I did some thought on that. I feel the only solutionis to build a more elaborate evaluation system which does something like backward fitting (removing each example) until best training data is found…

If this is something you want to work on implementing, then we’d love it if you shared it with us

Is it possible to access the weights of learned features for CRF? I think this would be great to see where is an overfitting and which examples to include?

feel free to look at the code, i think you should be able to

Hi, I am facing the same issue. I have two entities. One entity(say entity A) is in the middle of a sentence in my training data(nlu.md). Entity A is recognised with 100% accuracy during conversations(even new unseen entities). But, entity B is at the end of sentences in training data (For ex: How much do i have to pay to RASA. Here RASA is the entity) Even the entities which are in training data are not recognised during testing(conversation). Please help. You were facing similar issue. How did you solve it. @akelad, can u please help me.

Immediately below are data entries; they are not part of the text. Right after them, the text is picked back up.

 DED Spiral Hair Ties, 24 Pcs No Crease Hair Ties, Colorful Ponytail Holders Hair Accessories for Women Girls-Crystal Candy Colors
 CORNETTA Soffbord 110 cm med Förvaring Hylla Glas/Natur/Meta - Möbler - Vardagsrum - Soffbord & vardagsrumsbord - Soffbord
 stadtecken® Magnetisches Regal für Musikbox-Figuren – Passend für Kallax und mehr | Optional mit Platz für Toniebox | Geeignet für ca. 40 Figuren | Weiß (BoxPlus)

@akelad @akelad i also faced the same problem but didn’t get any answer from rasa community or from another forum…here is my question bots - How to handle dynamic entities in rasa? - Stack Overflow… rasa can not handle dynamic entities if you have entities around 5 to 10, rasa will learn the pattern, ner_crf works on one word before and one word after it will learn the context of your training data, but didn’t give you the results that you want…I solve this issue by running post processing script on my training data by add some random characters of entity value not fixed the value just randomize the values and balance the training data according to my requirements. But you can’t depend on crf_entity_extractor. So, please add some new enhancement regarding this.